星空刺繍


たった今、残念なことに口を閉じた俺はイケメン男子高生になり損ねてしまった。

せっかくの惚れ直してもらえるチャンスを見逃すなんて、馬鹿なのかな?


物心をつけざる得なかった保育園、近所の保護者の目を気にしていた小学生の時、

同級生と仲良くしてるはずがどこか微妙だった中学時代、つまり原因である自分の家族についてどう思っているか、

本音とかリアルとか何も田上さんに言えなかった。


環境がそうさせたのか知らないが、

片手で年齢を表現できる頃から、

親に我が儘を言ったり甘えたりなど、子供らしい言動をしたことはなく、

高校生になろうが相変わらず精神面は澄まして自立してる割に、

その大人力は隠して、ユニークさが売りなのが近藤洋平だと、

皆にとってゆるい奴になりたいのに、

田上さんは勝手に俺を過保護に育てられたせいで自己中心的な子供みたいに、心の構造を幼くさせてしまうんだ。
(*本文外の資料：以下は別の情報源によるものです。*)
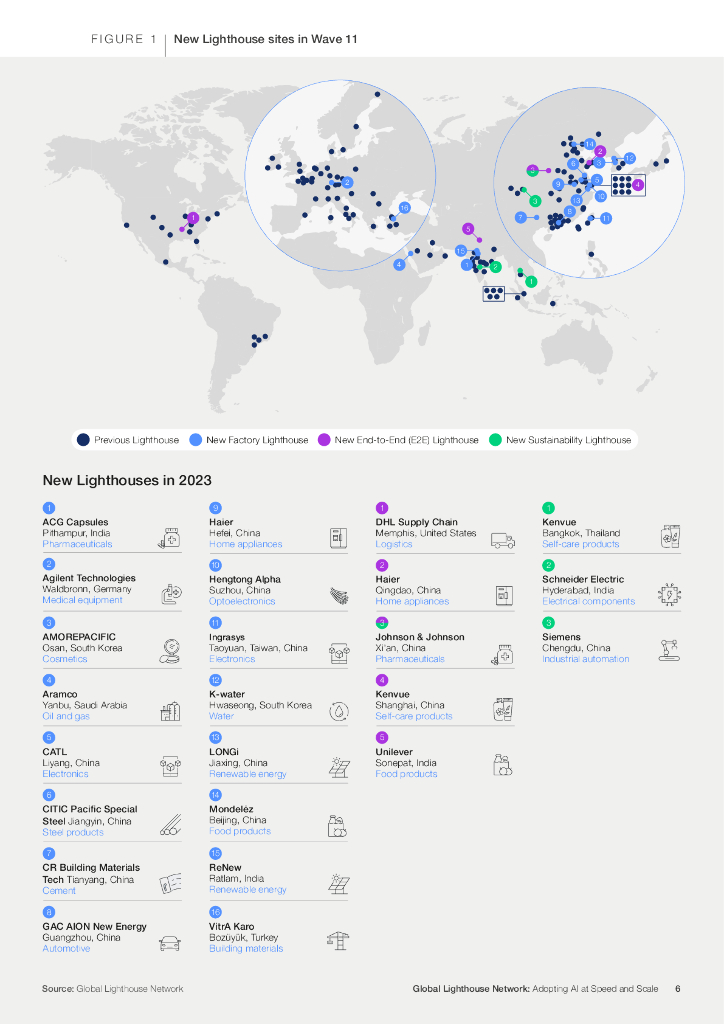 世界经济论坛：2023年世界经济论坛全球灯塔网络采用人工智能的速度和规模报告（英文版）_第6页
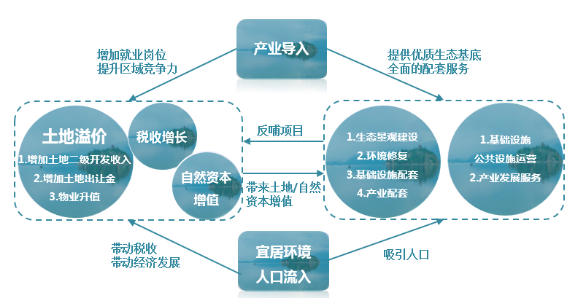 EOD的三大落地方式以及四大項目應(yīng)用！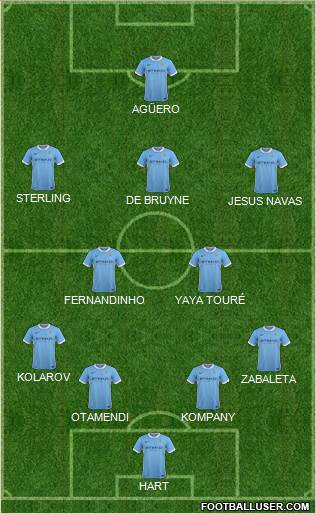 Manchester City Formation 2016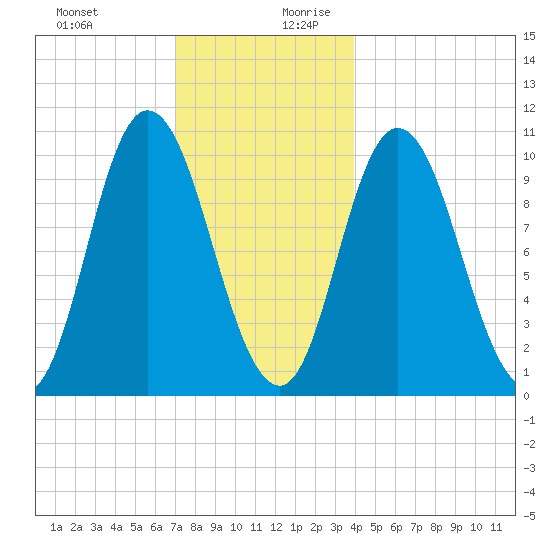 Millbridge tide chart for Thursday, December 21, 2023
そう、好きでいてほしくて、離れないでほしくて、彼氏でいさせてほしくて、田上結衣がほしい。


今までずっと相手の機嫌を窺い自分の願望を我慢して、

あれがしたいこれがしたいと言わずに抑える自分に慣れていたはずなのに、

どういう訳か、田上さんに恋をした今、

もういい年なのに、自分の都合ばかりを主張したくなるんだ。